Бригада вела бои за Касторное. Мы приехали на новый командный пункт поздно ночью. Я сразу же собрался спать, а поскольку было холодно, пригласил к себе под развесистое дерево молоденькую машинистку. Я имени ее не знаю. Она была очень молоденькой. Мы легли под душистыми ветвями на мягкую траву, укрылись шинелями. Под головой у меня лежал автомат Усанова и вещевой мешок, где хранился только маленький немецко-русский словарь. Мой сон был так лучезарно безмятежен, что я не услышал, как некий злоумышленник похитил мой автомат, вернее не мой, а Усанова. Утром выяснилось, что я безоружен. Я перепугался: еще бы, потерял оружие. Ведь это грозит трибуналом. Я тут же решил во всем признаться лейтенанту из особого отдела, но, как обычно, преодолел желание откровенничать с контрразведкой. Опять спасла логика: терялись пулеметы, орудия, танки. А что такое автомат? Поэтому, когда, явившийся к вечеру на командный пункт, Усанов, узнав о пропаже, злобно пригрозил мне трибуналом, я спокойно ответил: «Автомат числится за вами, вам его надлежало бы и носить». Если же, добавил я, капитан беспокоится обо мне, то я без оружия не останусь. На этом и порешили. Я раздобыл себе карабин.
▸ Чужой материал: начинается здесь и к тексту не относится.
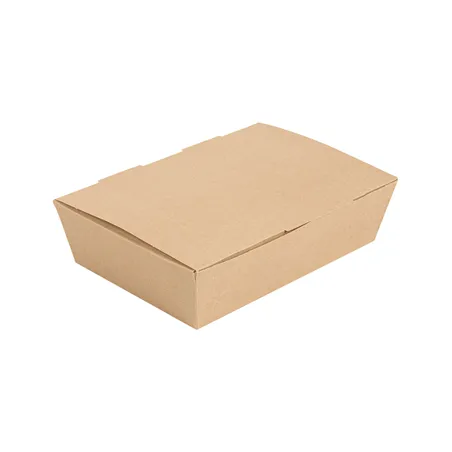 BOÎTES "LUNCH BOX" COUVERCLES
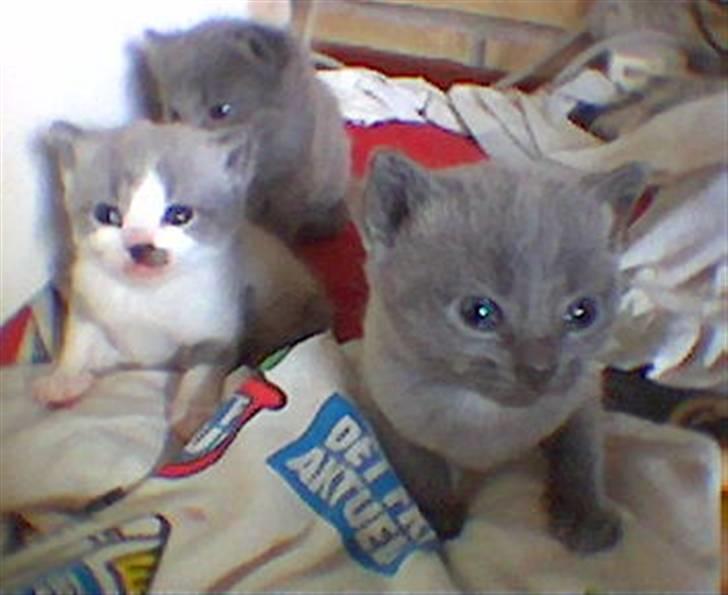 Huskat Dolf - Krølle, Dolf & Brok.. Back in the days! =) billede 13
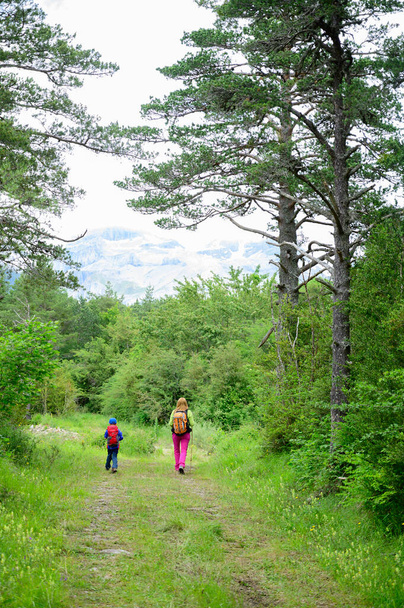 Γυναίκα και παιδί περπατούν μέσα σε ένα όμορφο δάσος στα βουνά - Φωτογραφία, εικόνα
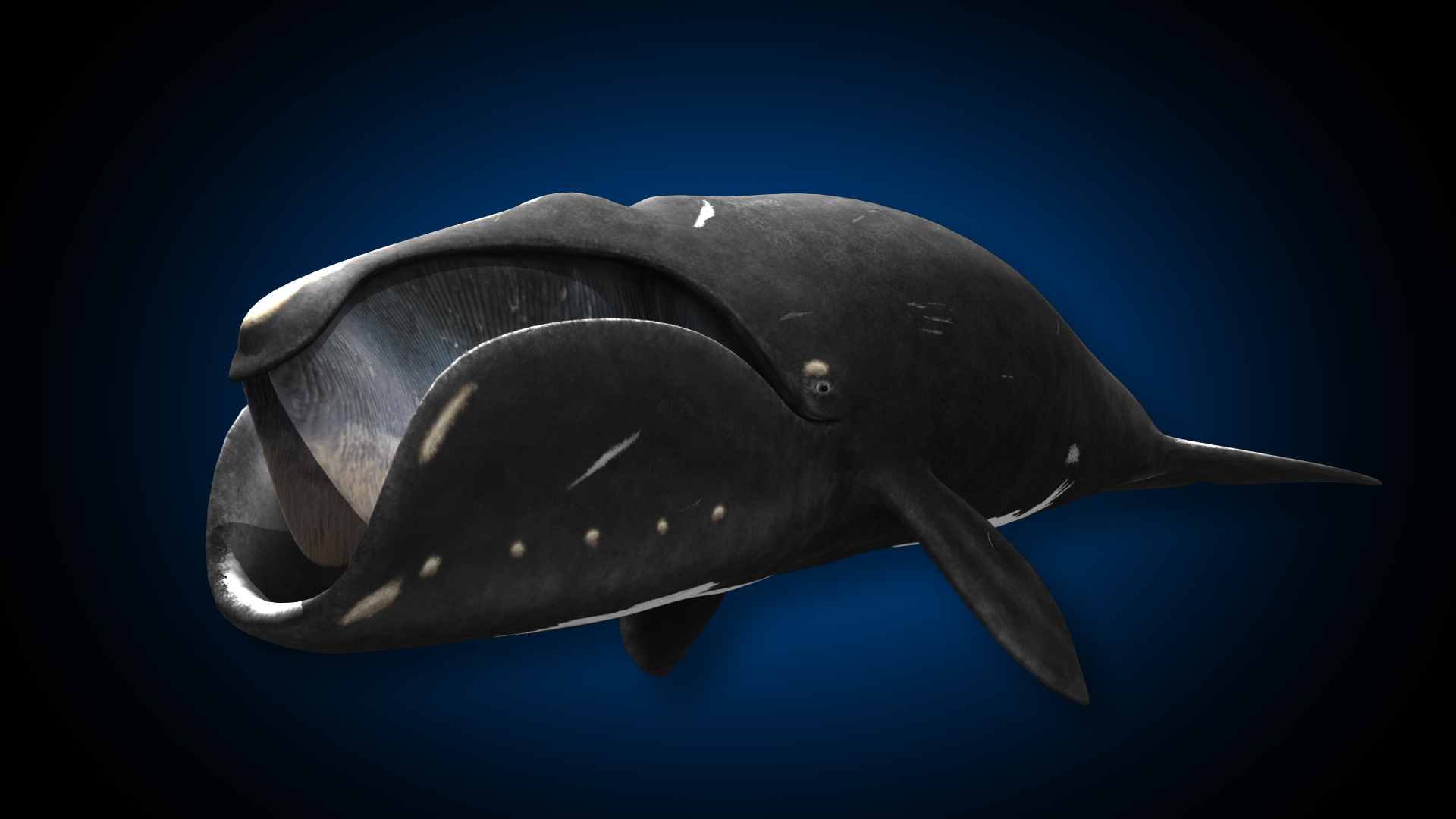 3D North Atlantic Right Whale https://p.turbosquid.com/ts-thumb/7A/5piqo3/9A/narw_swima/jpg/1697791493/1920x1080/turn_fit_q99/50c06dfbd866a061ac575dedb6f109771efe6a99/narw_swima-1.jpg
Я видел разгром, отступление, оставленные, разрушенные села. Трудно было понять, почему почти нет наших самолетов, танков. И, тем не менее, успех немцев рассматривался всеми, как дело временное. Конечно, очень боялись танков, окружения. Мы не знали, кто и где остановит немцев и разобьет. Но то, что так и будет, не сомневался никто из людей, которых я знал.
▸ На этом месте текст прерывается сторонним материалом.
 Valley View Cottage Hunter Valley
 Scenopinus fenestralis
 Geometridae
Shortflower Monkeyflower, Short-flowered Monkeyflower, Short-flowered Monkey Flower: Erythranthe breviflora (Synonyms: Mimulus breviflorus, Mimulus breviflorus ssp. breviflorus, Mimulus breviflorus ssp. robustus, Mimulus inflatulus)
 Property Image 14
У каждого человека, прошедшего войну, были самые страшные минуты, дни, часы. Вот про такое я сейчас и расскажу.
В каком-то месте после боев под Касторным немецкие танки все-таки обошли отходившие части 111 бригады. Разведчики во главе с совершенно бесстрашным старшим лейтенантом Сахиповым встретили у затерянного в степной глуши хутора женщину, которая и остановила их, сказав, что в хуторе немецкие танки. Сахипов понял: по этой дороге бригаде двигаться нельзя, и вернулся к комбригу. Я видел комбрига, сидящим на снарядном ящике, с картой на коленях. Рядом стояла потрепанная легковушка. В дорожной пыли устроились на привал какие-то подразделения. Черные от пыли, усталые люди сверкали белками глаз. Командир бригады определил батальонам новый маршрут. Здесь выяснилось, что авторота бригады ушла в направлении, где, по данным разведки, находились немцы. Комиссар штаба бригады (забыл его фамилию) и начальник автобронетанкового отделения бригады капитан Горбаткин получили задачу дождаться темноты, отыскать автороту и направить ее в место сосредоточения бригады. Комиссар штаба спросил, готов ли я ехать с ним, или уйду с батальонами. Я остался и, по его поручению, набрал еще человек 5–6 бойцов из разведроты, которых знал. С нами осталась и штабная машинистка Светлана. Солнце стояло еще высоко. Было жарко. За ушедшими батальонами улеглась пыль. Мы остались в необъятной степи… Несколько человек… Стало очень тихо. Мне хотелось, чтобы меня видела Нина. Комиссар штаба бригады сказал: «Дождемся темноты и поедем». И обратился к Светлане: «Вы хорошая девушка. Не бойтесь. Кончится война – отлично заживем». Эти слова звучали несбыточно, как преодоление вечности. Кончался день 4 июля 1942 года.